The second recommendation was to simply straighten out an L-shaped production line. An earlier, smaller scale expansion in 2009 resulted in large equipment being retrofitted into a smaller room. Turntables were needed to manage movement of the seed pallets, and automation wasn’t possible because of the roundabout way product was moved. Part of the current expansion involved knocking out a wall to straighten the line. Also, pallets can now be shrink-wrapped automatically, adding an additional 10 per cent capacity to the already improved packaging line.
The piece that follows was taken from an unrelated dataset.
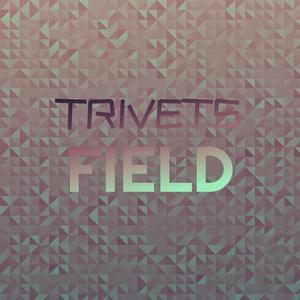 Trivets Field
Southwell says these recommendations were incorporated into the initial design concepts for the new facility. Engineers then sought further input from Bayer Technology Services based in Texas, which completed a logistics study on all seed movement within the bin farms and the plant. This group focused on current and future estimated movement of product — both in bulk form and finished product. “The process of this study was a very effective way to remove bottlenecks and potential hazards in a much bigger facility,” says Southwell.
The Lethbridge plant is now running at full capacity, receiving raw seed from Bayer’s 250 contract growers and completing the cleaning and packaging schedules required for this spring’s planting campaign.
Southwell says that, so far, everything is going according to a very carefully developed plan. “We doubled our staff with this expansion, and we had everything geared up in time for our busy fall and winter season. Our bins are filling and the plant is running as expected — and we know we have the processes in place to do this as efficiently as possible while still providing growers with the high-quality product they expect.”